A tic tac toe playing AI simply needs to know what cell of the tic tac toe board to occupy next. In other words, given a particular board state, it needs to know what cell to occupy next.

Thus we need to find a function that maps a tic tac toe board state to a next move (what cell of the tic tac toe board it should occupy next):

$getNextMove(boardState) \rightarrow nextMove$

Every time it is the AI’s turn to make a move, it will pass the current board state into this function, and the function will tell it what move to take next.

Now, let’s dive a little deeper, how will we implement this function? The function will first find all the possible moves that can be taken from the passed in board state, and then suggest the best move. In other words, the function will first find all the possible cells it could occupy, and then choose the best one.

Now, what cirteria should we use to judge the “best move”?

We could say that the best move is the one that usually eventually leads to a victory. This is a very good criteria because it takes into account that sometimes a bad intermediate choice may actually be better for the long run, but it forces us to deal with credit assignment. Credit assignment is figuering out how much credit or blame to assign to each intermediate move for the final outcome, and it is a very difficult problem to tackle (difficult, not impossible).

Let’s see if we can find an easier solution. If we can, good, if not, we will tackle the credit assignment problem.

What if we give each board state a value? The best board state would be the one with the highest value. Before making a move, the AI can look at each possible cell that it can occupy, calculate the value of the resulting board state if it chose to occupy that cell, and then pick the move the results in the highest valued board state!

Now, we need to find a way to map a board state to a value:

$getValue(boardState) \rightarrow value$

What features of the board state do we want the value of the board state to be based of?

How many empty cells? How many enemy cells? How many friendly (your own) cells? This doesn’t seem like a good idea for a tic tac toe board, because the number of empty, friendly, or enemy cells aren’t important, their position in the board is!

What if we make the value of a board depend on what’s in cell1, cell2, cell3, and so on? This seems like a good idea, but now we have to fill in the details. What exactly do we mean by depend (quantitatively). What if we make it a linear function, 3 terms for each cell (9 cells, thus 9 * 3 = 27 terms). One of the three terms of a cell will be a 1 if there is an enemy there, 0 if there isn’t. The next term will be a 1 if there is a friendly there, 0 if there isn’t. I was initially thinking that the next term should be a 1 if there is an empty space there, 0 if there isn’t, but I believe the previous two terms takes care of this case (if both of them are 0’s, it means it was empty), thus we only need 2 terms per cell (9 cells, thus 9 * 2 = 18 terms).

Here is how we will refer to the cells of a tic tac toe board: TODO put image here

Our value linear function will be something like:

$value = w_1 * enemyInCell1 + w_2 * friendInCell1 + w_3 * enemyInCell2 + w_4 * friendInCell2 + ...$

Now we have a generic hypothesis (linear function wrt some features) and we need to find weights for the features. This is where we give training data, and then find specific hypothesis (function) that best fits our training data.

But before we do that, let’s think about our chosen generic hypothesis for a second. The value of a tic tac toe board does not lie in how many empty, friendly, or enemy cells. It lies in the neighbors. What cells surround your friendly cells? In other words, the features interact with one another, thus we can’t use a linear function to represent this.

A linear function represents a system where the inputs do not interact with one another.

One feature may positively effect the output, another may negatively effect the output, but they don’t interact. In other words, the value of one feature, does not change how much or in what direction the other feature effects the output.

After all that work, we find out that a linear function is not the proper way to model here. That’s ok, we learned and reinforced a lot by going through the reasoning.

This is More General Than You Think

Here we made a tic tac toe AI that could take a look at the board state and then make a smart move.

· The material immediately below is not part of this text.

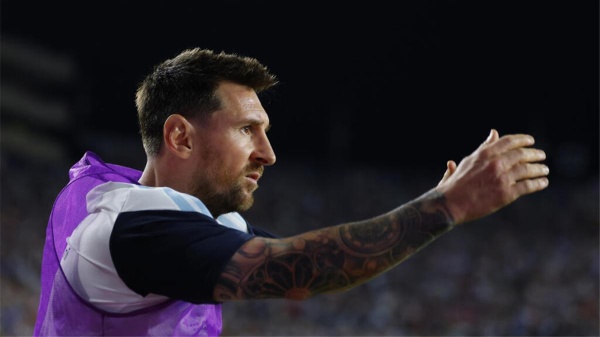 ميسي يقدم وعد ا لجماهير الأرجنتين قبل انطلاق كأس العالم ميسي يقدم وعد ا لجماهير الأرجنتين قبل انطلاق كأس العالم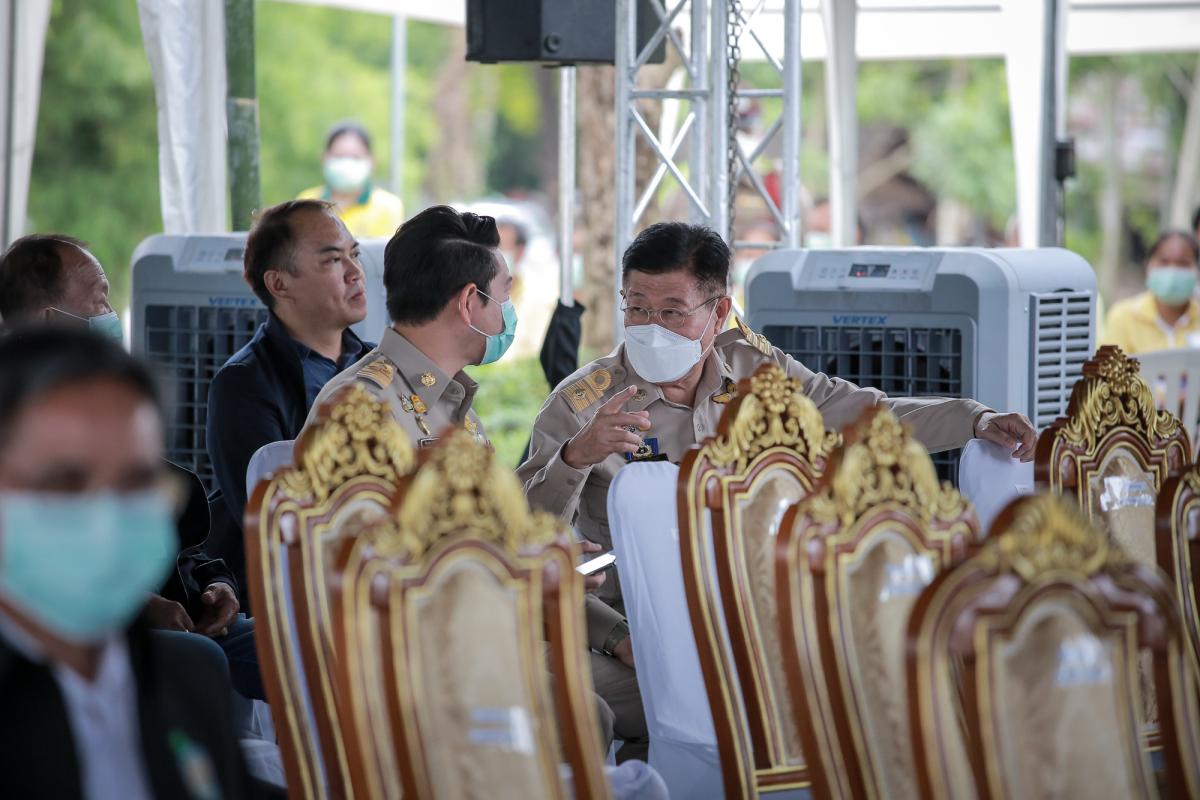ายกองค์การบริหารส่วนจังหวัดตาก พร้อมด้วย ว่าที่ ดร.ฑีฆะพล ทวีเกื้อกูลกิจ รองนายกองค์การบริหารส่วนจังหวัดตาก ร่วมต้อนรับ พลเอกประวิตร วงษ์สุวรรณ รองนายกรัฐมนตรี และคณะ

But we can use similar reasoning to create AI for a lot of other things. For example, we could create a chess playing AI. The chess playing AI would take a look at a chess board state, and then make a chess move. The chess board state and moves are more complicated but you still have the concepts of a “board state” and “next move”.

This is even more generic than board games. If you think of your AI living in some world, it can take a look at the world state, and then make a next move (i.e. take an action) in the world.

The reasoning (why you do what you do) and tools that you learned in this post are much, much more broadly applicable than just games with board states and moves.

The reasoning (not the conclusion or the end product) is the most important part of any concept.